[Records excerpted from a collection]
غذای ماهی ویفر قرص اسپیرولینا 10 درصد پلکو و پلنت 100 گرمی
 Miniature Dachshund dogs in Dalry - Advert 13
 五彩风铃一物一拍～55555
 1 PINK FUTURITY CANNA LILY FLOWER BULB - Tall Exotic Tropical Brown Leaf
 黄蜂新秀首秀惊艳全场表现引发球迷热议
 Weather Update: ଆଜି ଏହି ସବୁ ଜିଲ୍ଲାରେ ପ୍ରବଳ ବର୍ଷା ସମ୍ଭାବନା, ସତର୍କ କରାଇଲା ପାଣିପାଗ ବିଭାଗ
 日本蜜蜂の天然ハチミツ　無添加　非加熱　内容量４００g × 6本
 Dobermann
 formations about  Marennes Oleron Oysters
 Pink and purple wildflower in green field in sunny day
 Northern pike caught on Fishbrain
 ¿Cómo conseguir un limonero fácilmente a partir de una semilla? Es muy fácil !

WORK ITEM - This exercise asks for the line with "Northern pike caught on Fishbrain" and all lines after it through the end of the records above, retyped exactly and with nothing else.

RESPONSE AREA -
 Northern pike caught on Fishbrain
 ¿Cómo conseguir un limonero fácilmente a partir de una semilla? Es muy fácil !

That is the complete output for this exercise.